Where it really upset me was before I knew about the bowing. I had made up 14 power tap tracks (for 7 taps on a 4-lane circuit), and drilled holes in my table for the wires to drop down - hole locations that were fairly unique to each track piece.When I started my final assembly, I started noticing the bowing, and flip-flopping pieces required that I drill even more holes. I think it was then that came here and posted my first complaint about them.


----------



## wm_brant (Nov 21, 2004)

Thanx for the responses, guys.

The pieces are set pieces; I designed a layout that I liked, then bought the combination of sets that got me closest to the track pieces I needed.

I'll be buying a few more straights and a bunch of 15" curves. 

I've got enough 6" curves to equip Guantanamo. 

-- Bill


----------



## twolff (May 11, 2007)

wm_brant said:


> I've got enough 6" curves to equip Guantanamo.
> 
> -- Bill


Me too. Anyone that thinks waterboarding is torture hasn't run on a track that uses only 6" curves


----------



## AfxToo (Aug 29, 2003)

I made up a couple of circles from 6" curves, glued and soldered all the sections, and mounted them on cheap lazy suzan bases. These make nice little places to park the cars I'm working on at the bench. 

You could easily extend my idea to several layers to make a floor standing cylindrical storage unit for parking or displaying a large number of cars. Use 9 inch turns for even greater storage capacity.

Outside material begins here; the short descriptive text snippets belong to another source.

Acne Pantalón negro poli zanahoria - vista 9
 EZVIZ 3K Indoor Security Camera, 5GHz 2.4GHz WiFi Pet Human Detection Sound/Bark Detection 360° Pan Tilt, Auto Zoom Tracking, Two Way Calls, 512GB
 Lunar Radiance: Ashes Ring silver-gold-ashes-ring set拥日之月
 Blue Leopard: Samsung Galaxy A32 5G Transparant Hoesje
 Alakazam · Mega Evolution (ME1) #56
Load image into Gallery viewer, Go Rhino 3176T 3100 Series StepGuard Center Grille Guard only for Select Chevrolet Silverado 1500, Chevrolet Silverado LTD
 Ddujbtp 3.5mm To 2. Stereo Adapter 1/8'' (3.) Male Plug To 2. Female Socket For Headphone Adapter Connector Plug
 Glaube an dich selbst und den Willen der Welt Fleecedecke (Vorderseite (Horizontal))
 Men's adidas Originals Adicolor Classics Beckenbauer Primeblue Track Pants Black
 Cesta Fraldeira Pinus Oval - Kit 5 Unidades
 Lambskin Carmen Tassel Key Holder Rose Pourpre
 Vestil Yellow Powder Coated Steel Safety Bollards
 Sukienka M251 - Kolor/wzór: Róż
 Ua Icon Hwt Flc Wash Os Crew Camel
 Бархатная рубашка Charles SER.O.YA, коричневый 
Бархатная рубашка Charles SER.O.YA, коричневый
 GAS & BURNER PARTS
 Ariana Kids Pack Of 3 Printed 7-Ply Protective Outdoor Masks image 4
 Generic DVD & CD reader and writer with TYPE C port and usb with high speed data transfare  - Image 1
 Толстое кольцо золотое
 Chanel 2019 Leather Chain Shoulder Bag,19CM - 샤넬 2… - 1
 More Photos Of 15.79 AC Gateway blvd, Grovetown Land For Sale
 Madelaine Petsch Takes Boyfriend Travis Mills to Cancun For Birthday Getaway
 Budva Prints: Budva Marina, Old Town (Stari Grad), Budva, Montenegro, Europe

Unfortunately, none of these ideas will consume all of the 6 and 9 inch pieces laying around collecting dust.


----------



## roadrner (Jul 21, 1999)

I have a few of the 15" straights that look like bump tracks now. Can't believe how they bowed. :freak: rr


----------



## AfxToo (Aug 29, 2003)

If you're getting bowing post installation it may be due to the expansion of the table the track is mounted on. This is more pronounced in high humidity environments. I've seen some pretty good bumps due to this.


----------